La Libre.be > Culture > Médias/Télé > Article
Emission
Tintin et la caméra cachée, 2e acte
L.H.
Mis en ligne le 21/12/2007
C'était le 10 octobre dernier. "Questions à la une" s'apprêtait à diffuser un reportage sur Tintin et son apparente baisse de popularité auprès des jeunes. Quelques heures auparavant, la RTBF recevait cependant une ordonnance interdisant la diffusion de certains passages du programme. En cause, notamment : l'utilisation d'une caméra cachée au cours de laquelle Nick Rodwell, le patron de la SA Moulinsart confirmait l'existence d'une liste de personnes auxquelles il ne souhaitait pas être associé dans le reportage. "Liste noire" par ailleurs confirmée dans un e-mail, et dont la présentation à l'écran était également dénoncée par Nick Rodwell.

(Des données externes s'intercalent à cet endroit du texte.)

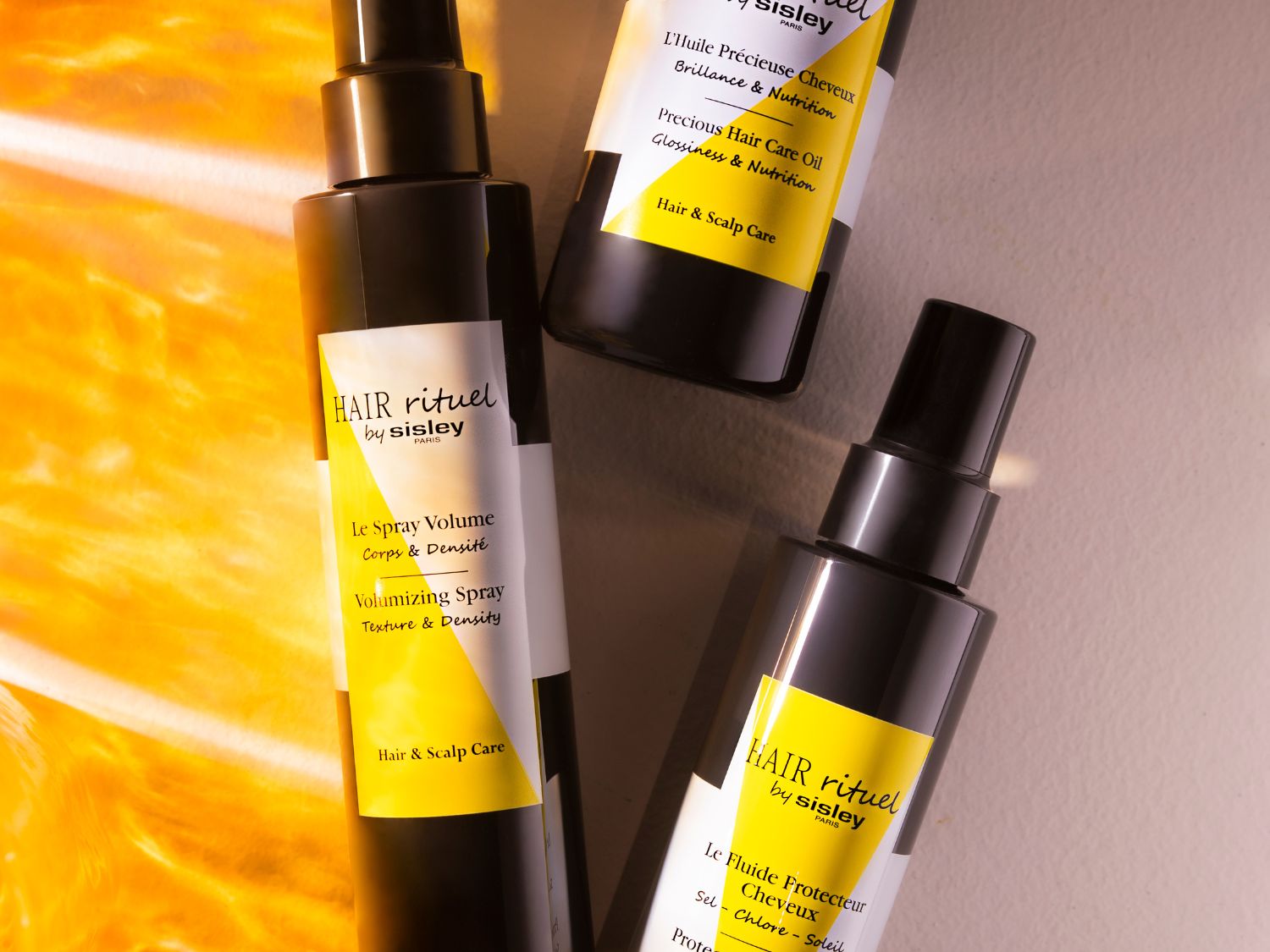 Drie zwarte flessen Hair Rituel by Sisley Paris, waaronder Le Spray Volume voor textuur en dichtheid, en L'Huile Précieuse Cheveux voor glans en voeding.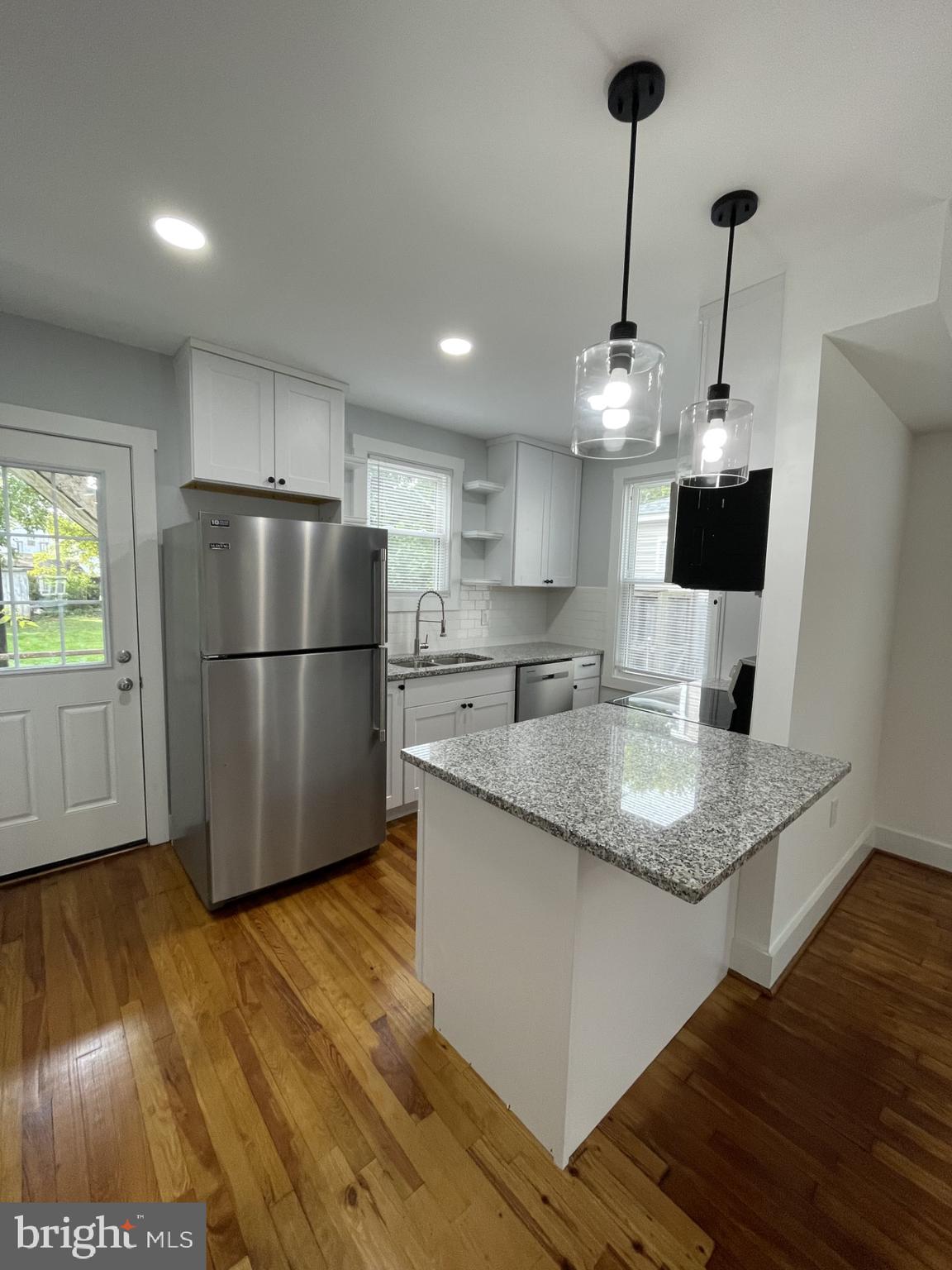 618 Wolfe Street, Unit A Fredericksburg, VA 22401 - Photo 4 of 13 a kitchen with stainless steel appliances granite countertop a refrigerator a sink dishwasher a stove and a wooden floor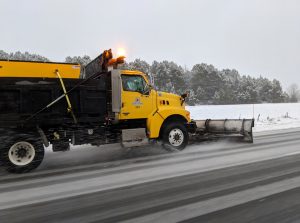 DOT treating roads, urging you to avoid travel during snow storm
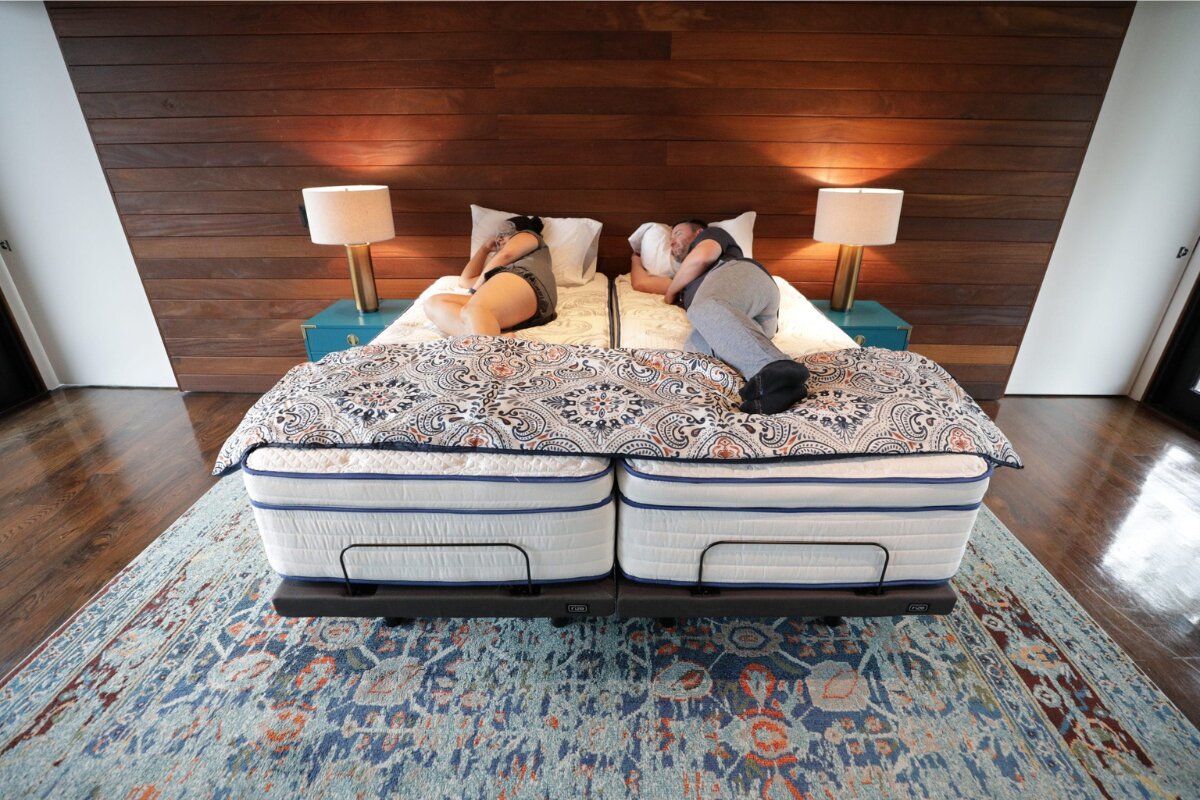 couple sleeping on a split california king mattress with two independent sides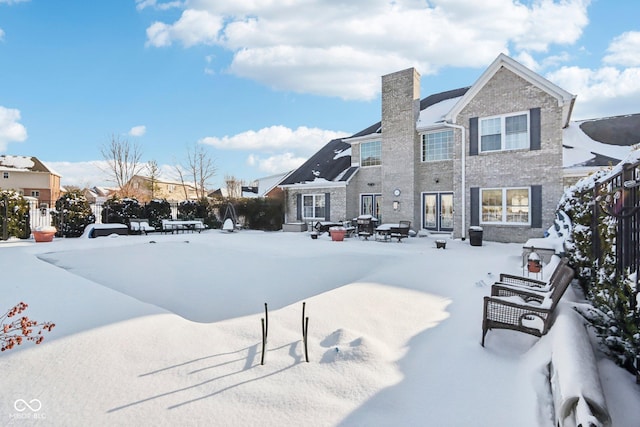 view of snow covered rear of property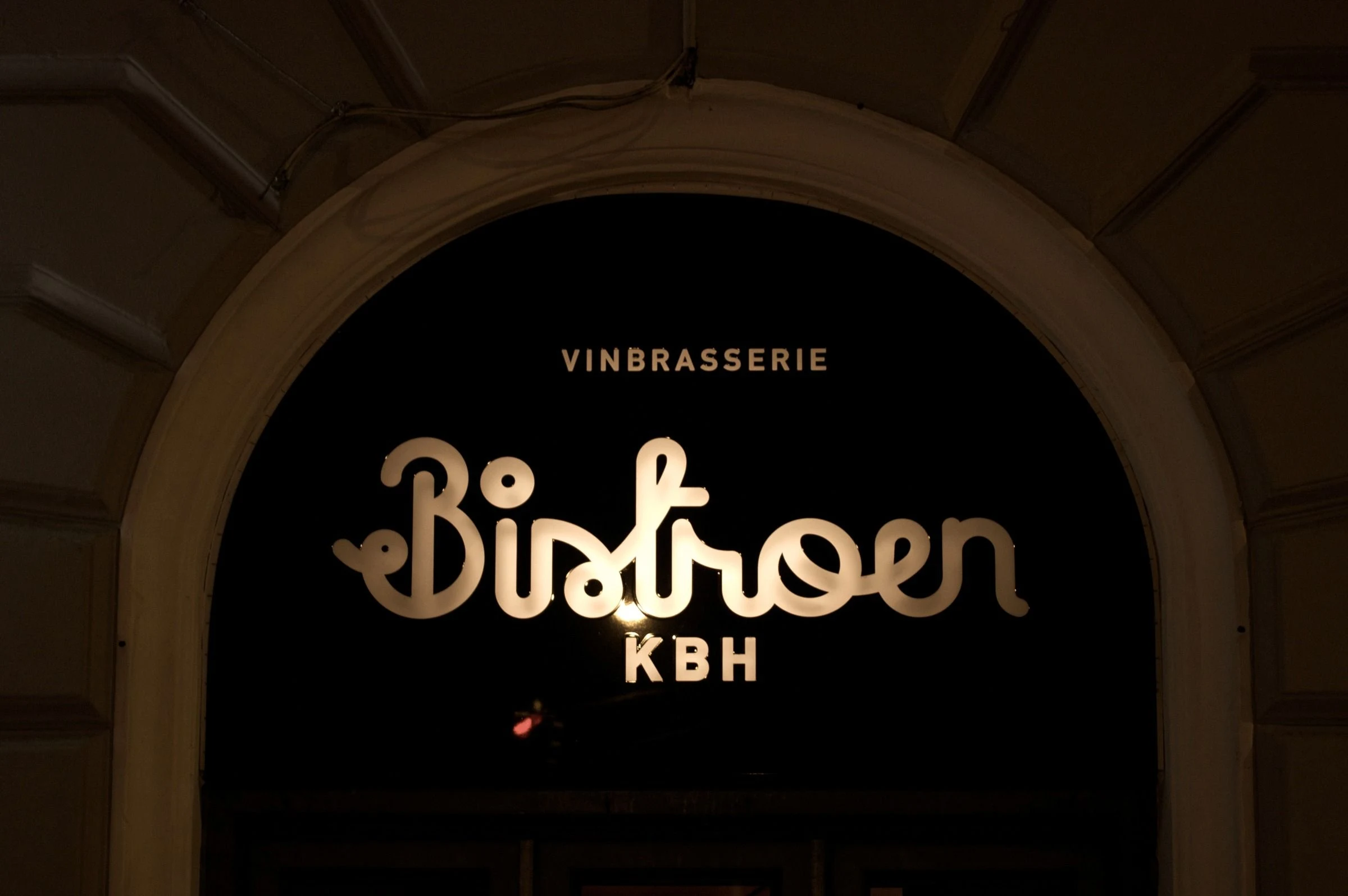 Script lettering above an arched doorway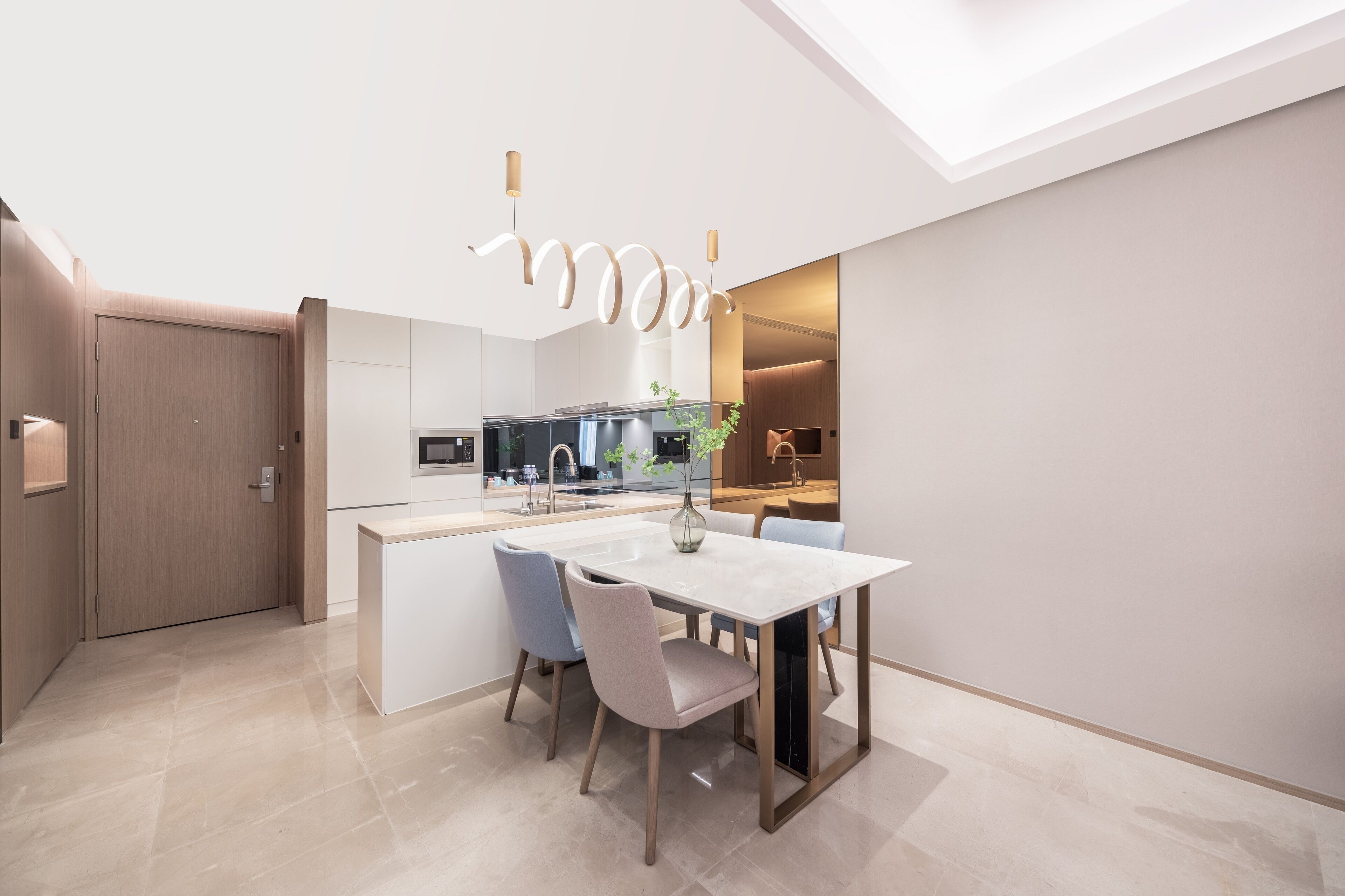 A modern kitchen with a central island, a dining area with a table and chairs, and a skylight above.
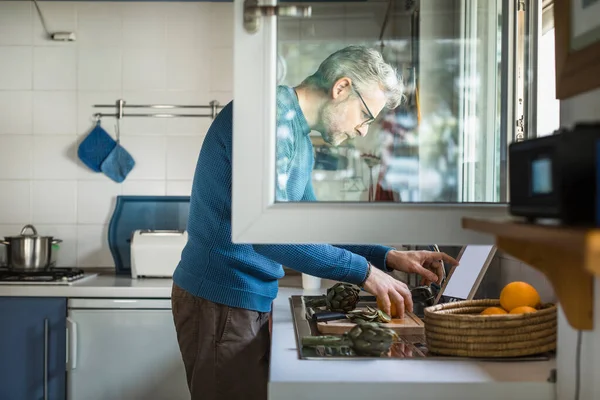 Homem Maduro Preparando Alcachofra Sua Cozinha Usando Tablet Digital — Fotografia de Stock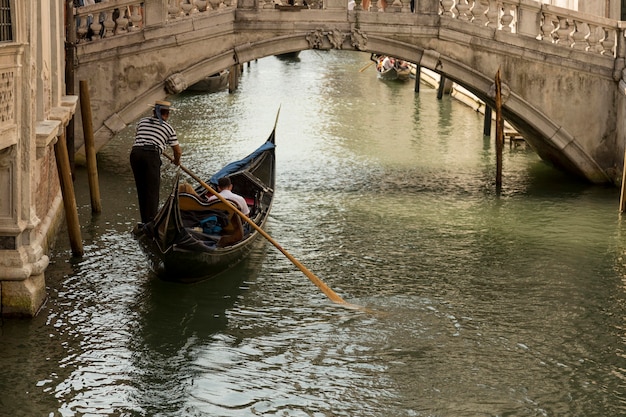 Gondole dans un canal de Venise passant sous un pont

Pas question de "charcuter" le sujet, avait alors décidé la RTBF. La chaîne avait préféré annuler purement et simplement la diffusion du reportage, pour mieux plaider sa cause au tribunal. Avec quel résultat ? Celui qui est tombé hier..., et qui confirme à peu de choses près le premier verdict.
Intérêt majeur
Précision : le jugement rendu hier ne porte toujours pas sur le fond de l'affaire (d'ailleurs, le juge précise ne pas avoir reçu l'enregistrement mis en cause). Il a cependant permis à la RTBF de faire valoir ses arguments, ce qu'elle n'avait pu faire jusque-là, dans le cadre de la requête unilatérale en urgence utilisée par Nick Rodwell et son associé Yves Février.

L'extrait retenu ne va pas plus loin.